Tanto Goethe, quanto Charlotte estão enterrados no cemitério Fürstengruft, assim como membros da família Wieland e Herder. Isso porque era desejo do arquiduque Carl August que os poetas da corte, principalmente Goethe e Schiller, fossem enterrados ali. No entanto, uma análise feita pela Klassik Stiftung mostrou que os restos mortais atribuídos a Schiller não eram realmente dele. Desde então, o túmulo permanece vazio.
Sobre a mesa de trabalho de Goethe, ou até mesmo penduradas na janela da casa, é comum encontrar tranças de cebolas como enfeite. Esse é um antigo costume da Turíngia, onde está Weimar. O primeiro mercado de cebolas realizado lá ocorreu em 1653 e a tradição segue até os dias de hoje, transformada numa das maiores festas populares do Estado.
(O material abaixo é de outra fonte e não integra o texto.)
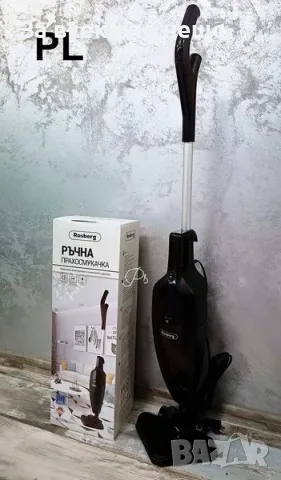 Прахосмукачка вертикална Rosberg R51001K, 800W, 2000 ml, Сухо почистване, Използване като ръчна, снимка 2 - Прахосмукачки - 48230843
Sempre no mês de outubro - a comemoração em 2011 está marcada para o dia 7 -cebolas de todas as cores, ramos de enfeites e o cheiro delicioso das Zwiebelkuchen (uma torta alemã de cebola e bacon) se espalham pela cidade. Quem não aprecia o vegetal não precisa ficar preocupado, pois a região também tem várias deliciosas especialidades à base de salsicha e batatas.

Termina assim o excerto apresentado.